Senator Mike Fasano was contacted by Ms. Ruth Lauro of New Port Richey who was greatly concerned with her home’s cost replacement value as projected by Citizens Property Insurance Company (and the premium that was based on that projection). Citizens estimated that her home would cost $124,000 to replace. Ms. Lauro’s flood insurance company, Midland Mortgage Company, also based its flood premium on the Citizens cost replacement appraisal.
Senator Fasano hired a reputable private appraiser to appraise her home. Below is a copy of that appraisal which places her replacement cost at $89,158, almost 30% lower than Citizens’ appraisal. The appraiser reported to Senator Fasano that his projection was on the high side because he included demolition and debris removal as part of his cost projection. The appraiser also included two builders’ price sheets which strongly contradict Citizens’ projections as well.
Ms. Lauro is an 82 year old woman on a fixed income who will be economically devastated if the current premiums remain in effect.

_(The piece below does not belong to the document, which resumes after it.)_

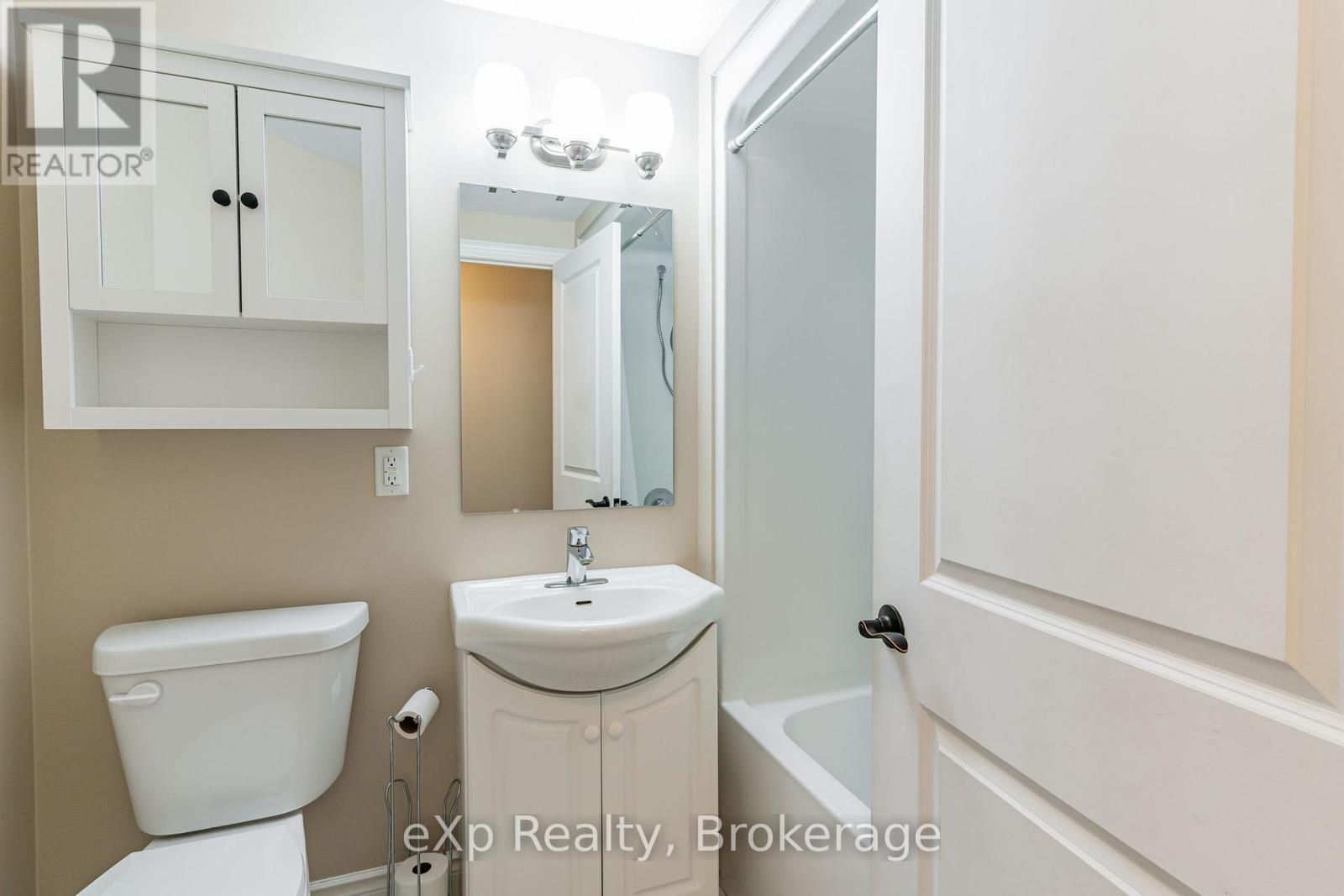 203 - 9 Newcastle Street, Minden Hills, Ontario  K0M 2K0 - Photo 28 - X12102275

Senator Fasano previously sent a letter to Midland Mortgage asking for a reconsideration of Ms. Lauro’s premium. Armed with the new data supplied by the appraiser, Senator Fasano sent a second letter on January 5, 2012 to Midland. Additionally, Senator Fasano will be soon be sending a letter to Citizens asking that they immediately reduce her replacement cost estimate so that her insurance premium can be reduced as well.
Ms. Lauro’s situation is an example of a widespread problem facing Citizens policyholders who are finding themselves paying premiums based on extraordinarily high cost replacement estimates. In Ms. Lauro’s case her flood insurance premium is also inflated due to the fact that it was based on that faulty cost replacement estimate.
Senator Fasano has filed property reform legislation that includes a provision that Citizens must accept a private appraisal if it shows that the replacement cost is less than the replacement cost estimated by Citizens. This provision puts into statute a long-standing practice that Citizens recently dropped in what many have seen as a way to increase premiums.